:: RECORDS FOR THE TASK ::
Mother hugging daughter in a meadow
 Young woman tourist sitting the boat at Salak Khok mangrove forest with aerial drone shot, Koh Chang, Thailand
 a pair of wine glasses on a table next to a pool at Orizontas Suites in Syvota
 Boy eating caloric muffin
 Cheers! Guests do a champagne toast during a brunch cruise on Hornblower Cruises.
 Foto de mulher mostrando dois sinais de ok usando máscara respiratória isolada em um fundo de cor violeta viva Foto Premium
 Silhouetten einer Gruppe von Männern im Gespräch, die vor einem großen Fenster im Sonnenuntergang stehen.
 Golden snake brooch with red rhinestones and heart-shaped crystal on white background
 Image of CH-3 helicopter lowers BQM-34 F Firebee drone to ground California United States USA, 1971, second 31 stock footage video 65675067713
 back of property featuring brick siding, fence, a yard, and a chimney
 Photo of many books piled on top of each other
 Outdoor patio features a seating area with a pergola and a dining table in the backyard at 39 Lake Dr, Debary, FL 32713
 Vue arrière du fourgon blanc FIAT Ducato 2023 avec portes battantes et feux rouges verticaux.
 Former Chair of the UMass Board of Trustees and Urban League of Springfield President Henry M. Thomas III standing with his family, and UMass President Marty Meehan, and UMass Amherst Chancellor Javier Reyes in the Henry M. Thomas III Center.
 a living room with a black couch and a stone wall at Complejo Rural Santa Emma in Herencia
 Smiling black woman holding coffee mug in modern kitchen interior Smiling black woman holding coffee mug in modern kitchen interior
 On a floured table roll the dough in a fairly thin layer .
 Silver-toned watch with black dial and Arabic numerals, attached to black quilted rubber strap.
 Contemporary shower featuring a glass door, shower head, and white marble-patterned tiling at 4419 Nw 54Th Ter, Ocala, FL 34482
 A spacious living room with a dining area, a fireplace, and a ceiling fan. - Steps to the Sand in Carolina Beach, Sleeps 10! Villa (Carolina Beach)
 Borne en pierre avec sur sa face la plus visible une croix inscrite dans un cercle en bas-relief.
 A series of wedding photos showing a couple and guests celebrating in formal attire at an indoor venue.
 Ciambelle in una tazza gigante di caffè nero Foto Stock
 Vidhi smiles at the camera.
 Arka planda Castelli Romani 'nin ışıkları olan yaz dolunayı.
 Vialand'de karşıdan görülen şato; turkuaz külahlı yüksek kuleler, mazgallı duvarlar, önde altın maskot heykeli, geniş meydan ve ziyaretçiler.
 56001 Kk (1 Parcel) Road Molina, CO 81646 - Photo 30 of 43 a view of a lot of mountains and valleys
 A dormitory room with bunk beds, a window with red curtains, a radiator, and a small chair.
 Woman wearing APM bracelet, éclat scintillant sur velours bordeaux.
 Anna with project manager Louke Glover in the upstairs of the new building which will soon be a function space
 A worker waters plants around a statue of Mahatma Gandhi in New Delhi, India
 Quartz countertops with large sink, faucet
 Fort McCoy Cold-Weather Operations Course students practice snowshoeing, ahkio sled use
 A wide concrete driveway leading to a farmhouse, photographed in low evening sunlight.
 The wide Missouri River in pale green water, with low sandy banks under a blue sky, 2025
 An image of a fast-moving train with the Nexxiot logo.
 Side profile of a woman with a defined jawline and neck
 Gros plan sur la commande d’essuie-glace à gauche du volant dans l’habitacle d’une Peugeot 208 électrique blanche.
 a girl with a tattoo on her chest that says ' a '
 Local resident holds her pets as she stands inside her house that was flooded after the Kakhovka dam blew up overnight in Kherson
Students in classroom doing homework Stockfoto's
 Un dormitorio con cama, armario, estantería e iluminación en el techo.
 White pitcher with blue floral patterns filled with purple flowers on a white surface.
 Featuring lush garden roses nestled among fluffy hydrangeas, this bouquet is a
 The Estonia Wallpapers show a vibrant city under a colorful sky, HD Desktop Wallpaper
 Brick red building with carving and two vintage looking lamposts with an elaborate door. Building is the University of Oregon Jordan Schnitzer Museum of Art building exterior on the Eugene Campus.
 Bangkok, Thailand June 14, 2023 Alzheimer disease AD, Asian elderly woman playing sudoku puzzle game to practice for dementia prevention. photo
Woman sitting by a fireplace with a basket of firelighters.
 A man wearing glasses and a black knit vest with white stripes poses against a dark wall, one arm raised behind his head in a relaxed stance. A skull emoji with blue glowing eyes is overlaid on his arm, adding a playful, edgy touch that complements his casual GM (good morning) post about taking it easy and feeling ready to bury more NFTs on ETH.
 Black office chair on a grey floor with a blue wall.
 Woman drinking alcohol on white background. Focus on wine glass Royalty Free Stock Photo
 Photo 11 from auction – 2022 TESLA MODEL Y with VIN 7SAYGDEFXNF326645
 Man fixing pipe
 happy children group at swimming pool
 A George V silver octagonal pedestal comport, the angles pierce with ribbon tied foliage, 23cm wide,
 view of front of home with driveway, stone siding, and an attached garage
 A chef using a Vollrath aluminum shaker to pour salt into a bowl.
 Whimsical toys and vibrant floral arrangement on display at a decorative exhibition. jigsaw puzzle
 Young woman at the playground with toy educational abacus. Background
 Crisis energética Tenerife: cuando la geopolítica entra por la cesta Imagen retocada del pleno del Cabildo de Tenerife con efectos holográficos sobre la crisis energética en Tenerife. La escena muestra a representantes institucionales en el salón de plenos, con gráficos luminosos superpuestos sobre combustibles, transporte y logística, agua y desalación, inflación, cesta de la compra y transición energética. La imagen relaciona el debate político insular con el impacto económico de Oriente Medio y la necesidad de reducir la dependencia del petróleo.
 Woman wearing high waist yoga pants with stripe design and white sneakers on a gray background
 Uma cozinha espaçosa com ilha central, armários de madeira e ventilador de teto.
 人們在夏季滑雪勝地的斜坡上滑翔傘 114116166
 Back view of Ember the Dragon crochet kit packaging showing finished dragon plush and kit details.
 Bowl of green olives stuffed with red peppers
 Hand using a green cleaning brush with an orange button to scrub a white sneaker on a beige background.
:::
WHAT YOU NEED TO DO:
Scan the lines above for "Woman drinking alcohol" and for "Young woman at". Repeat exactly the line holding each of them and every line in between.

TASK OUTPUT:
 Woman drinking alcohol on white background. Focus on wine glass Royalty Free Stock Photo
 Photo 11 from auction – 2022 TESLA MODEL Y with VIN 7SAYGDEFXNF326645
 Man fixing pipe
 happy children group at swimming pool
 A George V silver octagonal pedestal comport, the angles pierce with ribbon tied foliage, 23cm wide,
 view of front of home with driveway, stone siding, and an attached garage
 A chef using a Vollrath aluminum shaker to pour salt into a bowl.
 Whimsical toys and vibrant floral arrangement on display at a decorative exhibition. jigsaw puzzle
 Young woman at the playground with toy educational abacus. Background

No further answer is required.